■ **Problem to solve**
Using the material below, print a verbatim copy of every line from the one containing "Ерлан Кошанов отчитал" through the one containing "Photo of 294", inclusive, and omit the pictures.

■ **The records**

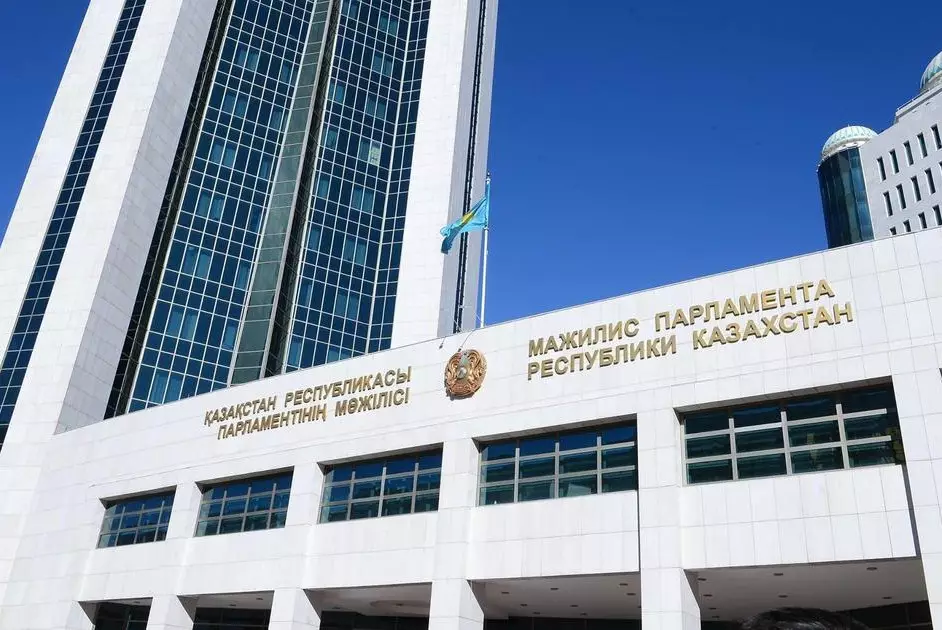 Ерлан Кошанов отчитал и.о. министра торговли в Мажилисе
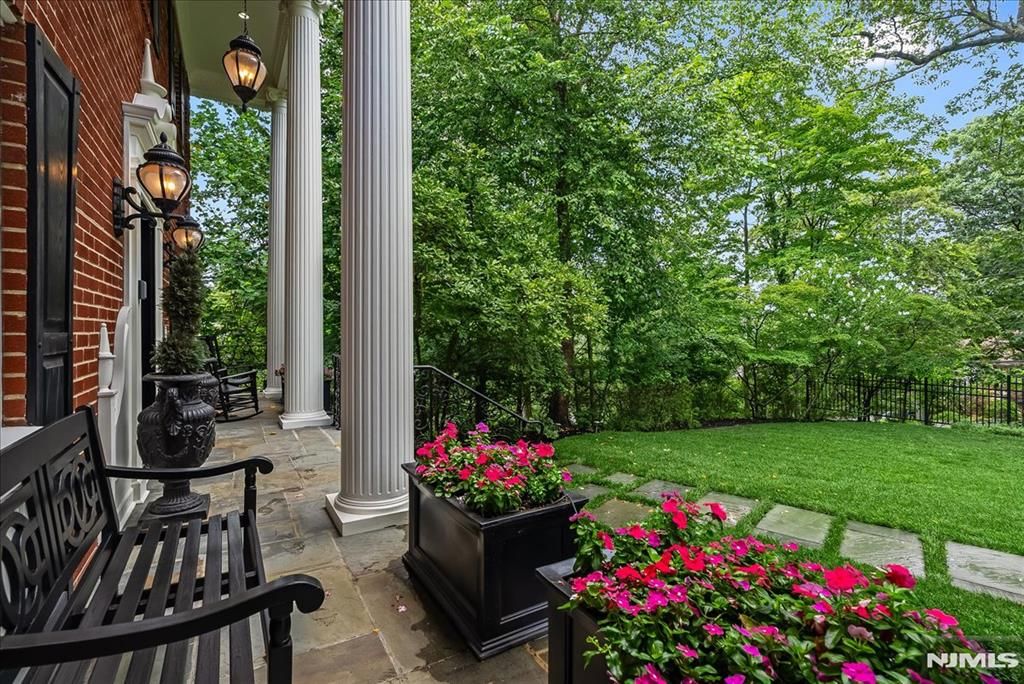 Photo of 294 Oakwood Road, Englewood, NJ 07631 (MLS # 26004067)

...

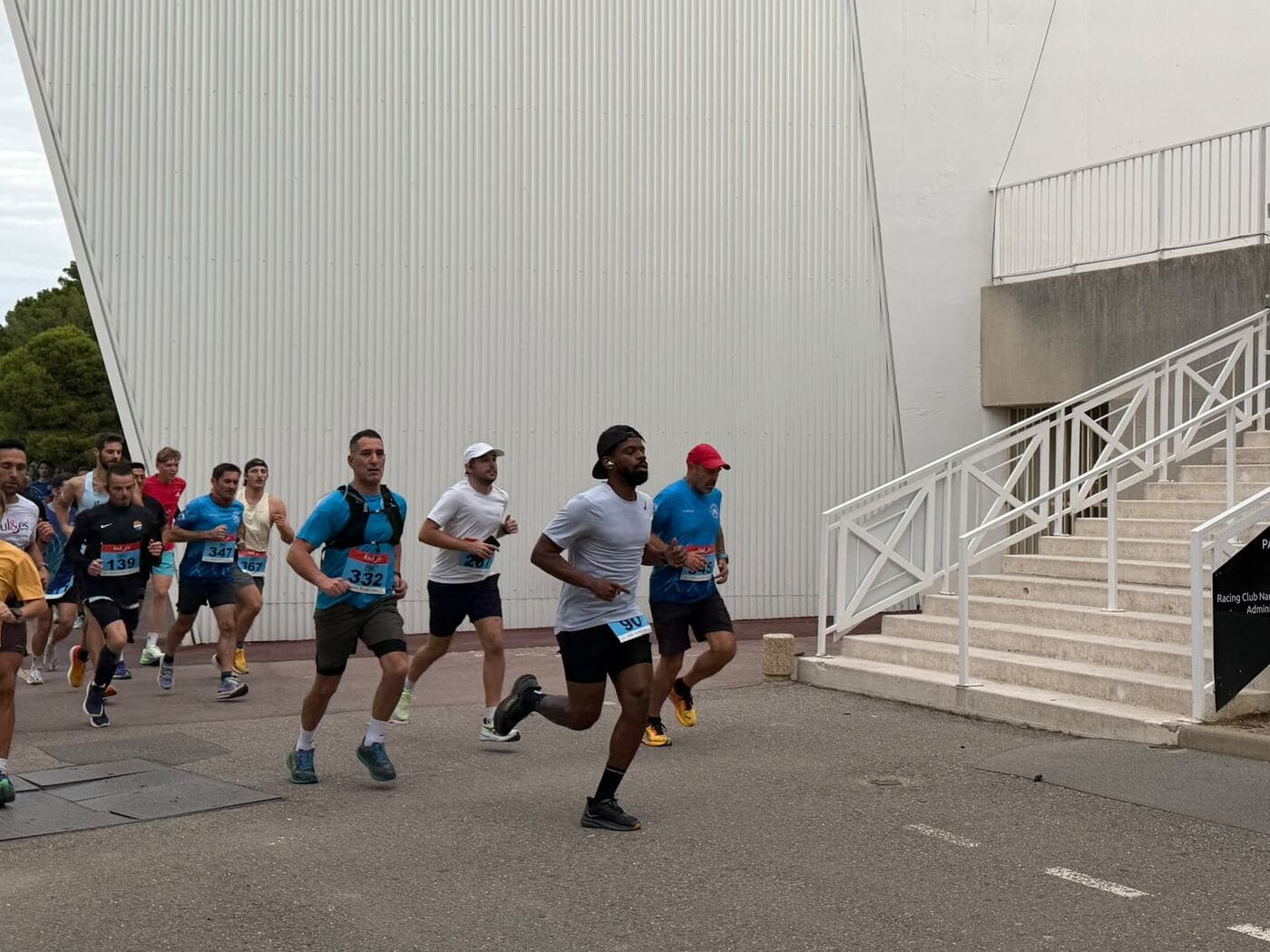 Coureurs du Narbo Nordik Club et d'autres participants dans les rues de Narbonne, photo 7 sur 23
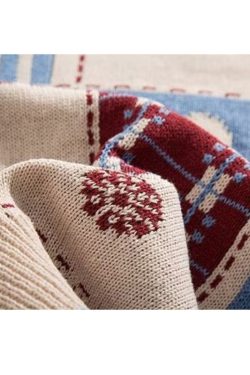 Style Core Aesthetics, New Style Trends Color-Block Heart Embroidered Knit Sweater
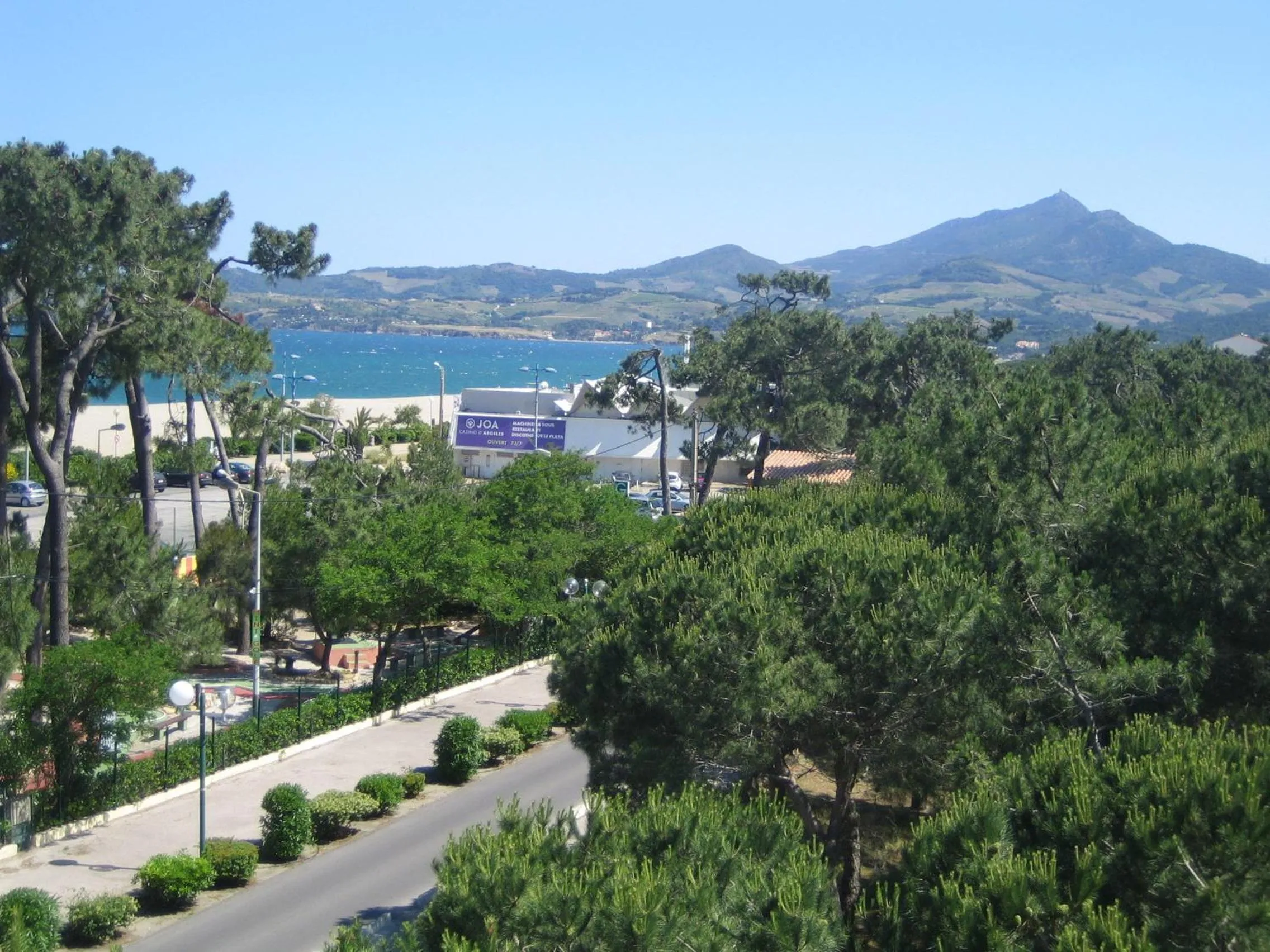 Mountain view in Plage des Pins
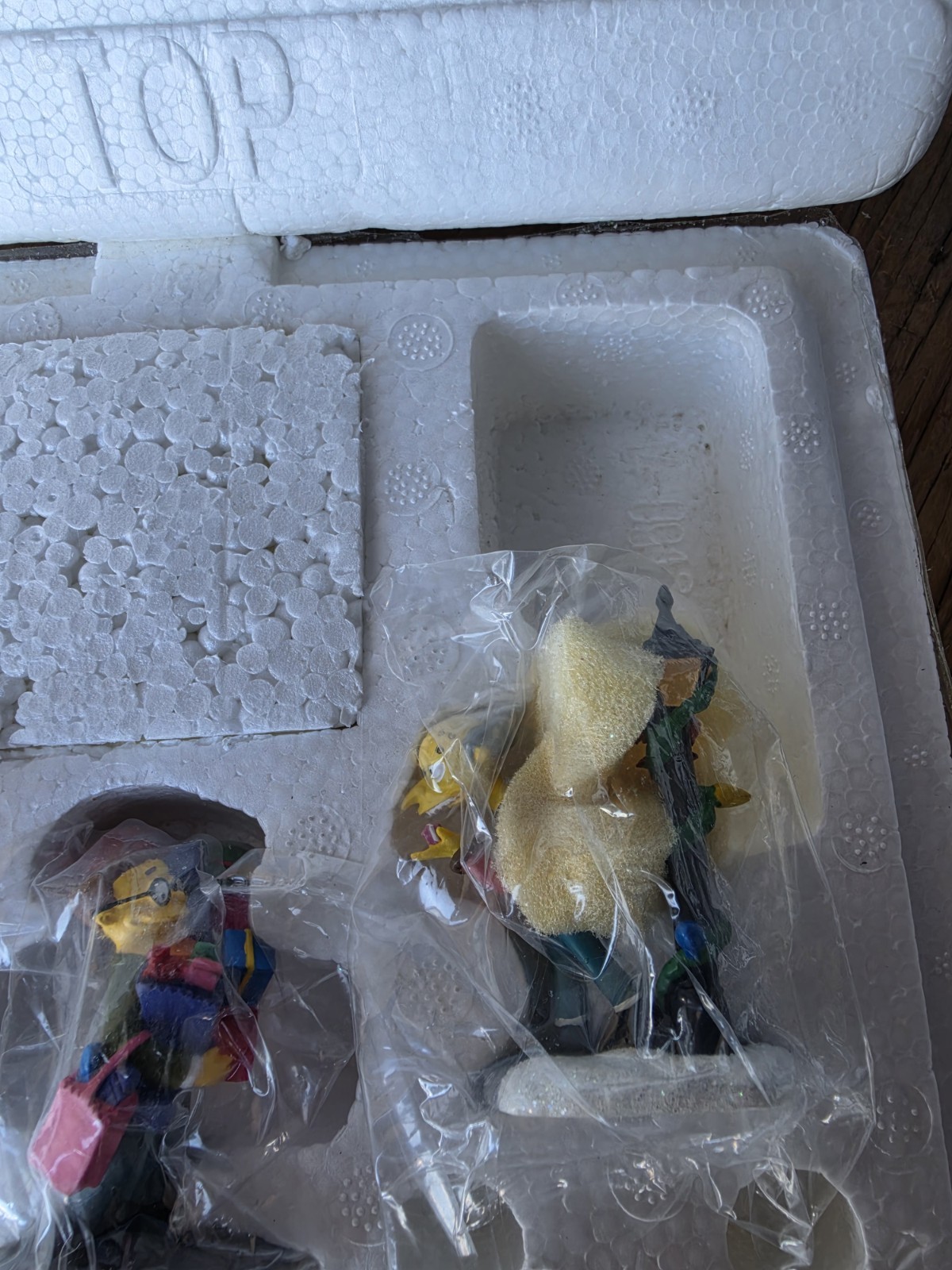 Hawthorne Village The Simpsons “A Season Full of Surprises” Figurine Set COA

■ **Solution to the problem**
 Ерлан Кошанов отчитал и.о. министра торговли в Мажилисе
 Photo of 294 Oakwood Road, Englewood, NJ 07631 (MLS # 26004067)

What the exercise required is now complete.